Appeal from a decision of the Division of Labor Relations.
The Supreme Judicial Court on its own initiative transferred the case from the Appeals Court.
Matthew J. Buckley, Assistant City Solicitor, for the plaintiffs.
T. Jane Gabriel for the defendant.
Laurie R. Houle, Ira Fader, Colin R. Confoey, & Jason Powalisz for the interveners, submitted a brief.
SPINA, J. At issue in this case is whether the city of Somerville (city) and the school committee of Somerville (school committee) violated G. L. c. 150E, § 10 (a) (5), and, derivatively, G. L. c. 150E, § 10 (a) (1), when the city unilaterally reduced its percentage contribution to retired employees’ health insurance premiums without engaging in collective bargaining over the matter with current employees.[3] We conclude that the city and the school committee did not violate these statutory provisions. Accordingly, we reverse the decision of the Commonwealth Employment Relations Board (board), which reached a contrary conclusion.
1. Statutory framework. Our resolution of the present dispute is based on the interplay between G. L. c. 150E and G. L. c. 32B. General Laws c. 150E, § 2, protects the rights of public employees to self-organization and collective bargaining. Pursuant to G. L. c. 150E, § 6, “[t]he employer and the exclusive representative . . . shall negotiate in good faith with respect to wages, hours, standards [of] productivity and performance, and any other terms and conditions of employment . . . .” General Laws c. 150E, § 10, states, in relevant part:
“(a) It shall be a prohibited practice for a public employer or its designated representative to:
“(1) Interfere, restrain, or coerce any employee in the exercise of any right guaranteed under this chapter;
“. . .
“(5) Refuse to bargain collectively in good faith with the exclusive representative as required in section six . . . .”

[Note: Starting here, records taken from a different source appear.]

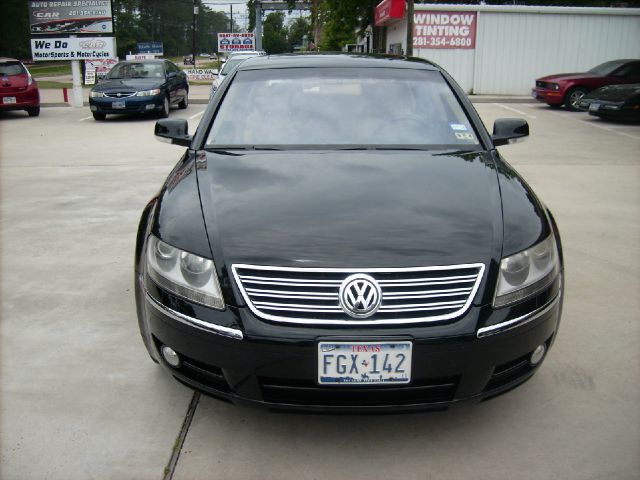 Volkswagen Phaeton 2004 photo 1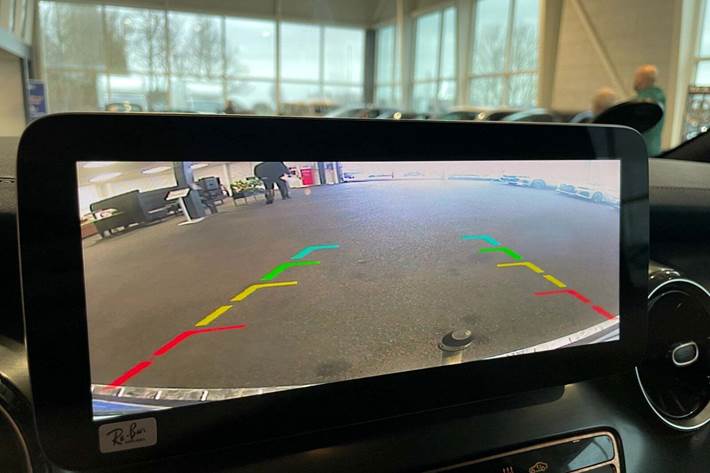 Blå Mercedes EQV300 fra 2020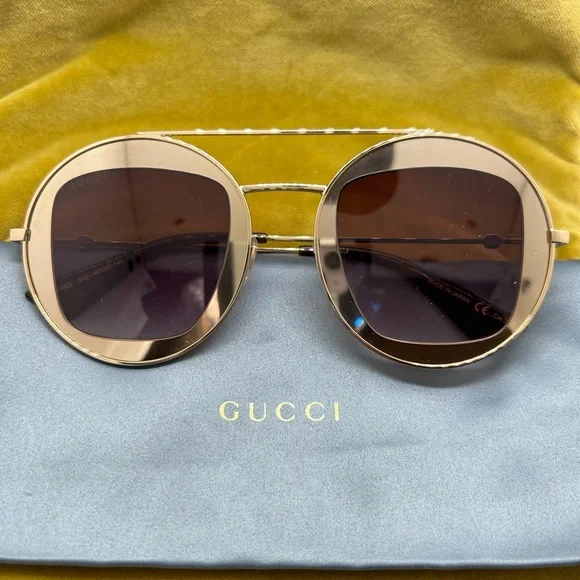 Gucci Gold Round Sunglasses - Picture 1 of 6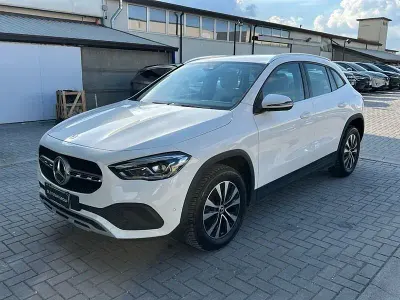 Usata Mercedes GLA180 116 CV (85 kW) 2022 Bianco SUV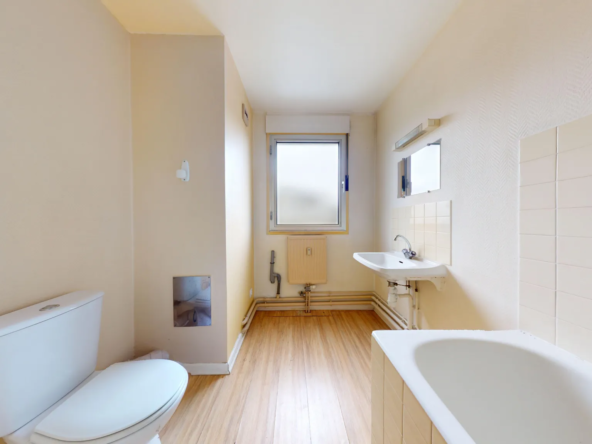 Charmant Appartement T1 à La Combe Saragosse à Vendre 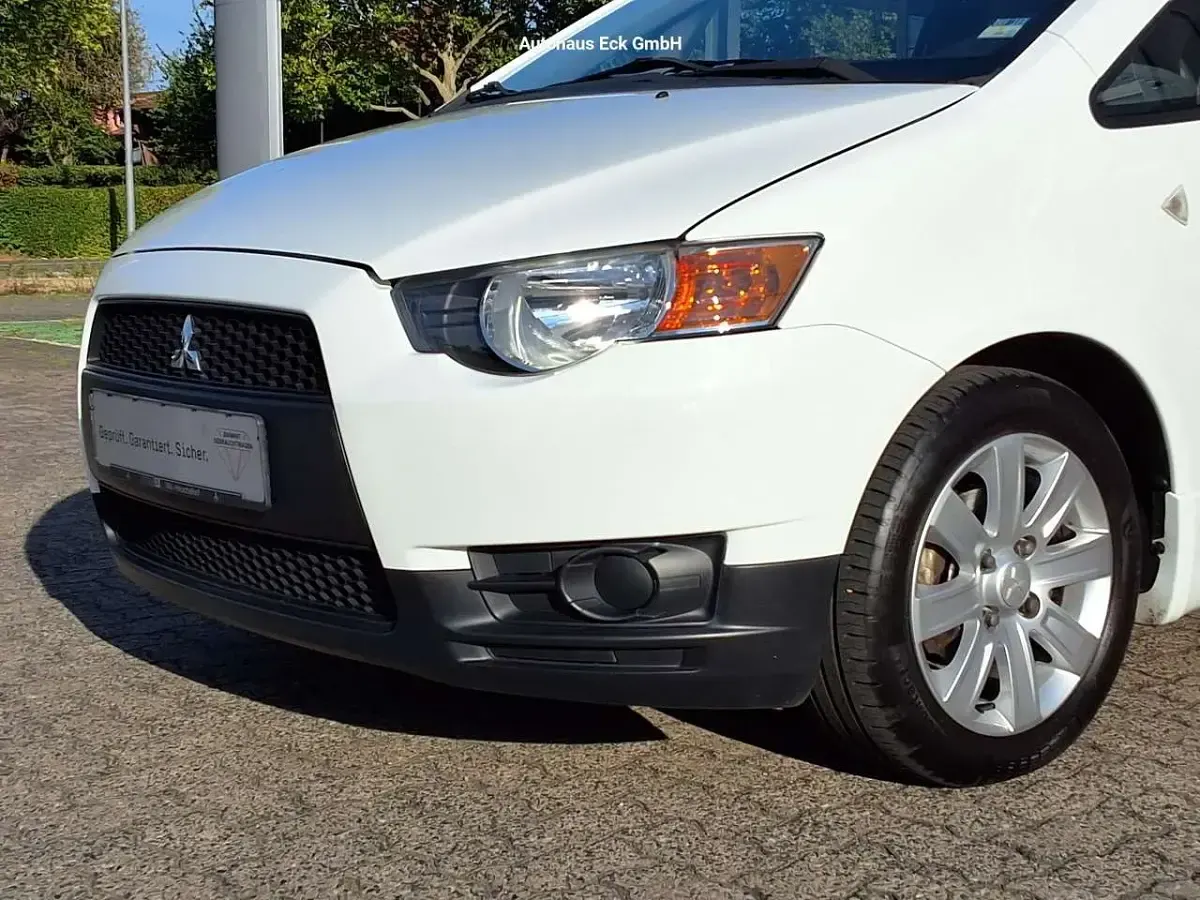Gebraucht Mitsubishi Colt Motion 75 PS (55 kW) 2012 Weiß Kleinwagen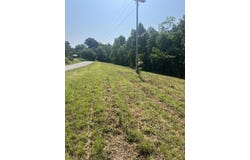 9999 HWY 2004, McKee, KY 40447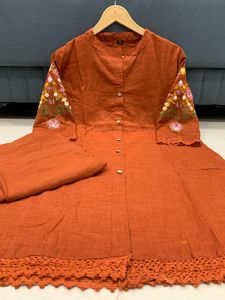 Chic Embroidered Kurti Pant Set
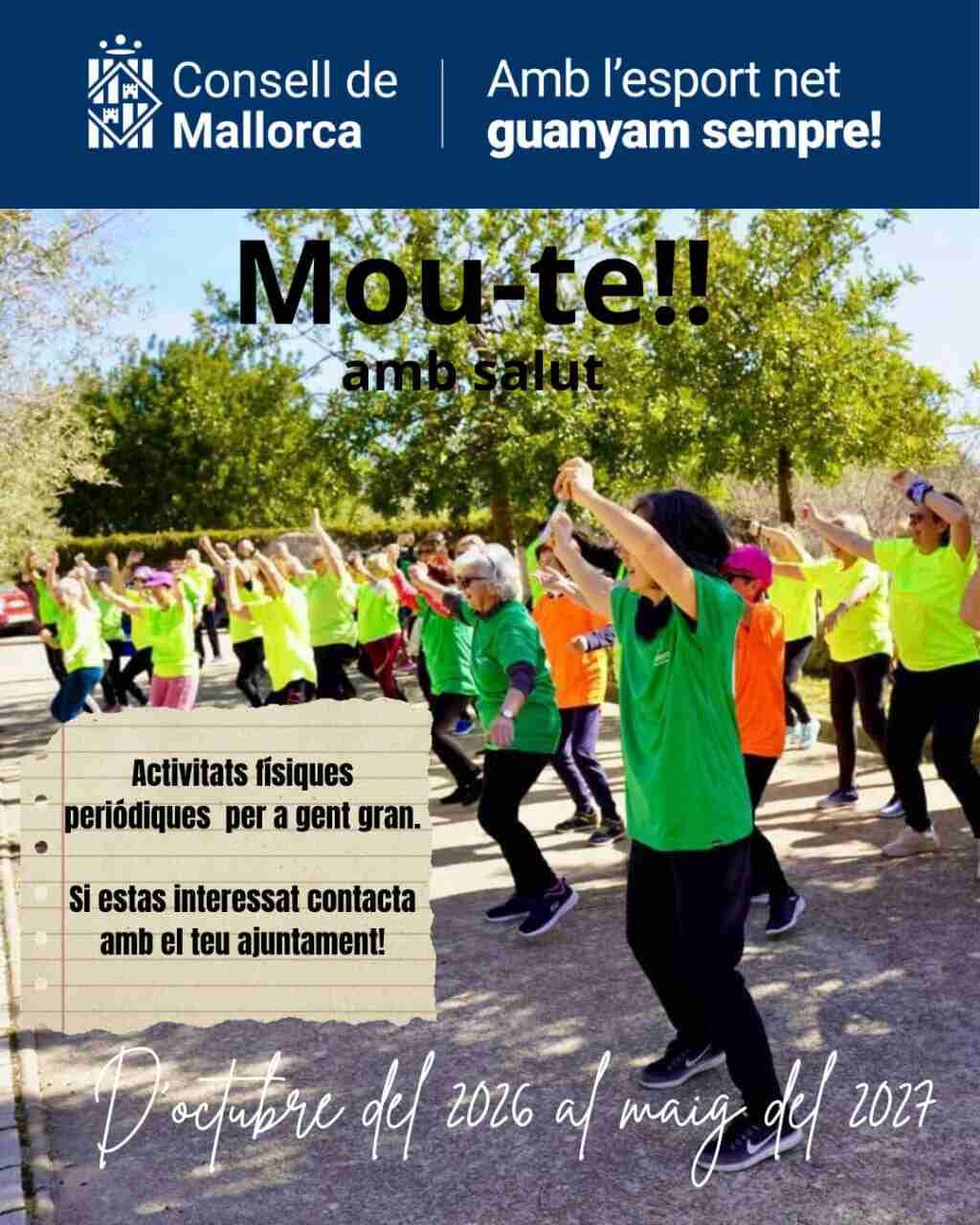 Grupo de personas mayores practicando ejercicio físico al aire libre en Manacor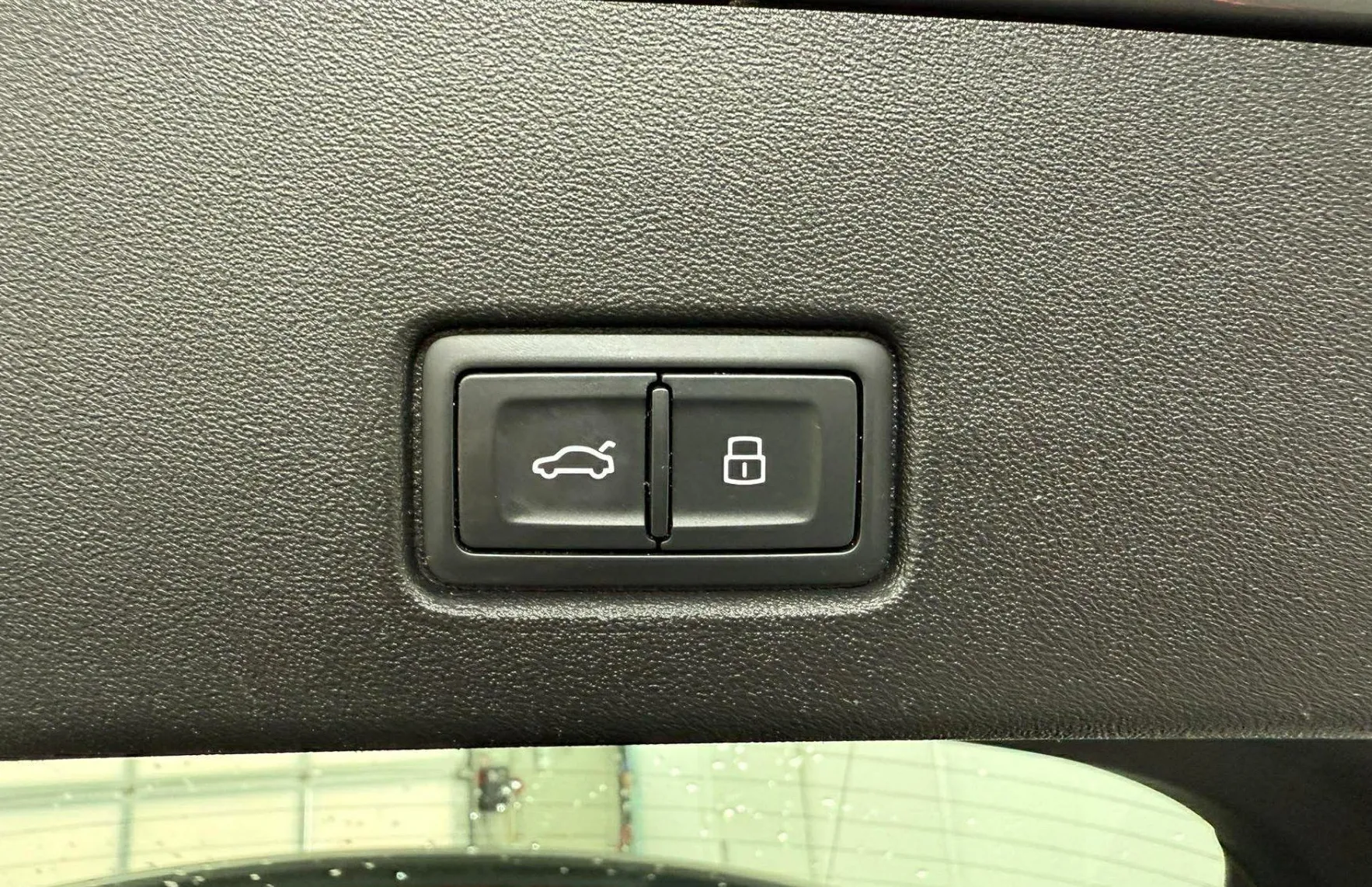 Zunanja slika - Audi Q4 - e-tron  40 e-tron.S line.LUKSENBURG.ACC.KAMER.LED - 12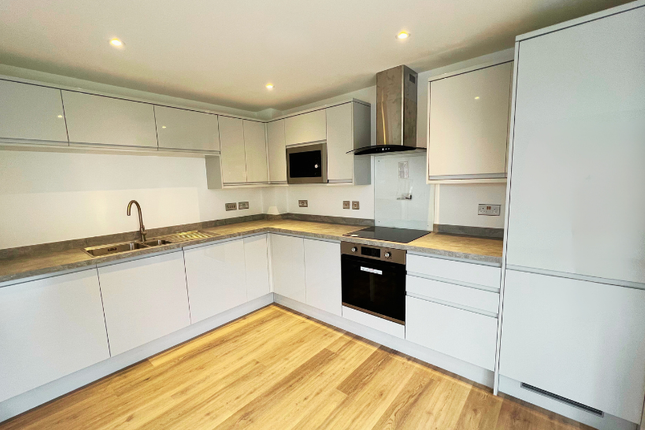 Thumbnail Flat for sale in Bath Road, Reading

“Under the Home Rule Amendment, art. 89, § 6, of the Amendments to the Massachusetts Constitution, municipalities of the Commonwealth may choose to provide health insurance coverage to their employees.” Twomey v. Middleborough, 468 Mass. 260, 261 (2014). See Cioch v. Treasurer of Ludlow, 449 Mass. 690, 695 (2007). General Laws c. 32B is a so-called “local option” statute that governs the provision of health insurance to active and retired employees of a municipality once that entity has voted to accept the terms of the statute.[4] See Twomey v. Middleborough, supra; Yeretsky v. Attleboro, 424 Mass. 315, 316 (1997). See generally D.A. Randall & D.E. Franklin, Municipal Law and Practice § 10.25 (5th ed. 2006 & Supp. 2014). When enacted, see St. 1956, c. 730, § 1, G. L. c. 32B, §§ 1 and 3, authorized municipalities to offer certain eligible persons and their dependents group indemnity health insurance coverage. Beginning in 1971, municipalities were given the option of making available to such individuals the services of a health maintenance organization (HMO) by accepting G. L. c. 32B, § 16, inserted by St. 1971, c. 946, § 5.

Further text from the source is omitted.